New Upgrade Procedure
The original upgrade procedure had many restrictions. The most troublesome in my opinion was that you couldn't simply leave the old cluster running and in parallel start a new SGE version with the same configuration. This and many other issues were solved by the new upgrade procedure.
You can now create a backup of the whole cluster configuration and later, at anytime, restore it while the qmaster is running! The old upgrade required to shutdown the qmaster before the configuration could have been loaded to the upgraded cluster.
The upgrade/update to a newer version should now be easy as never before (hello 6.0 users!). The complete description of the upgrade procedure can be found here.
Service Management Facility (SMF) has been introduced with Solaris 10 and provides an alternative model to the service management as opposed to Run Control (RC) scripts.
It solved many problems and I'll just list my 3 favourite:
- service dependencies (services can depend on each other)
- service fail-overs (services can be automatically restarted on failure)

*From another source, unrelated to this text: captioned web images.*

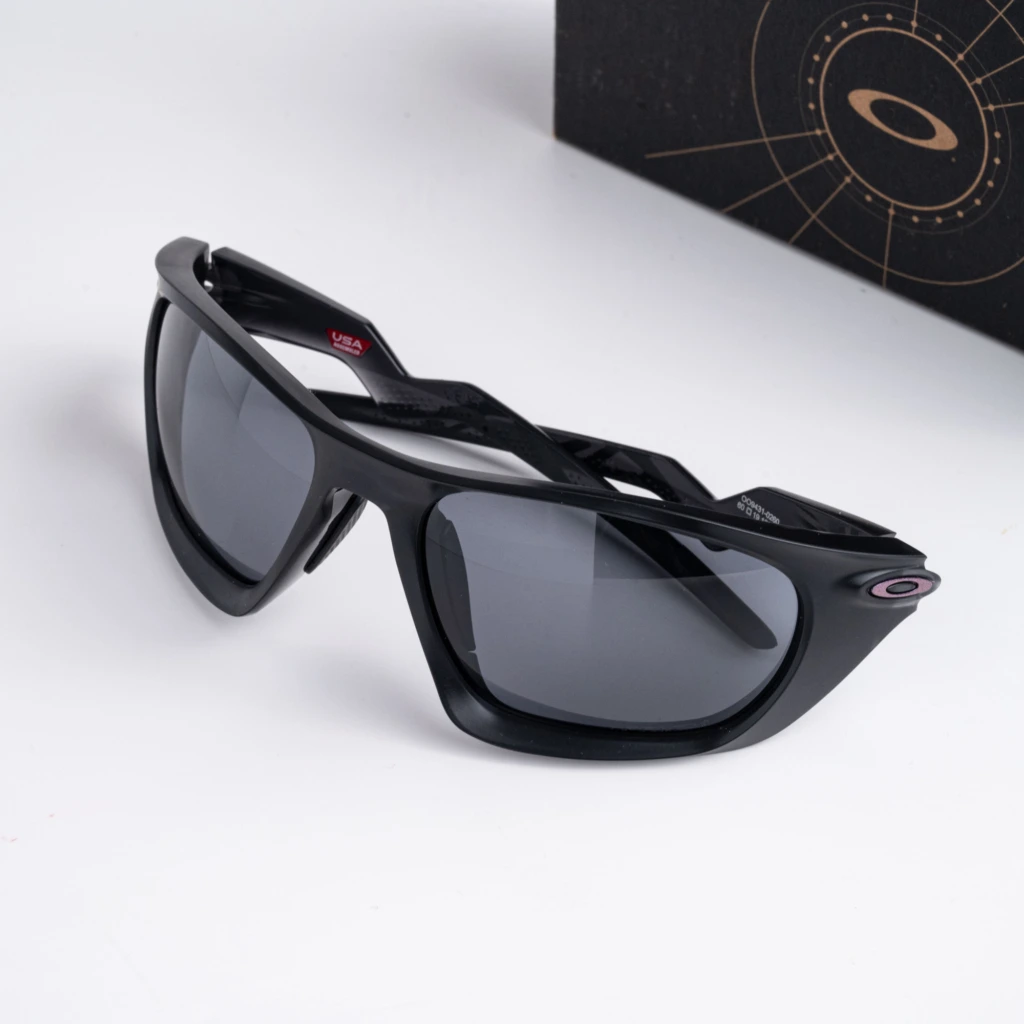 OAKLEY 0OO9431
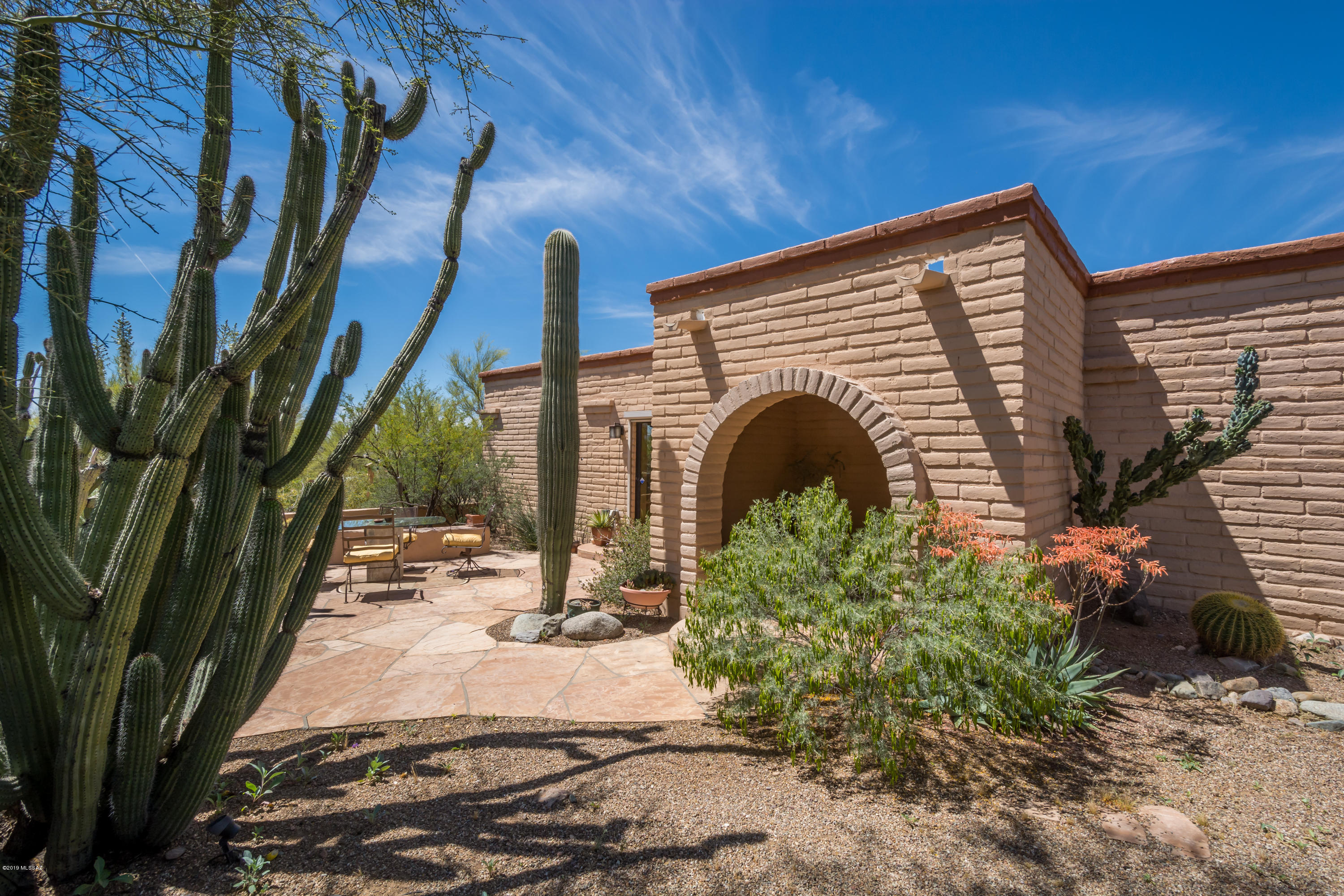 6501 North Montebella Road Tucson, AZ 85704 - Photo 2 of 50 Gallery Image 2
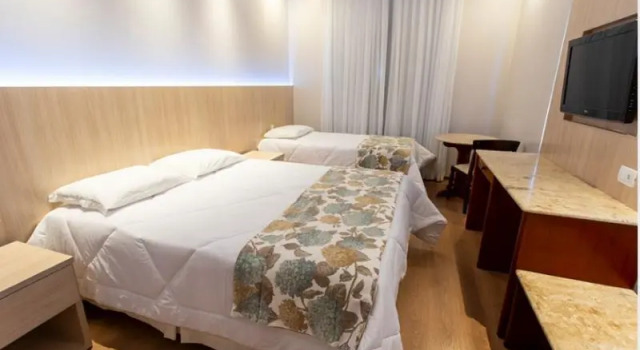 Номер Luxury Hotel Carlton Plaza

- single place for all log files
With SMF services on your system start up faster and are generally more reliable.
Regarding the Sun Grid Engine we've introduced following services:
- qmaster service
- shadowd service
- execd service
If any of those get killed or fail (e.g.: dump core) the SMF will detect this and will automatically restart the failing services. It basically reduces your cluster downtime for free.
SMF is now installation default on all Solaris 10+ machines.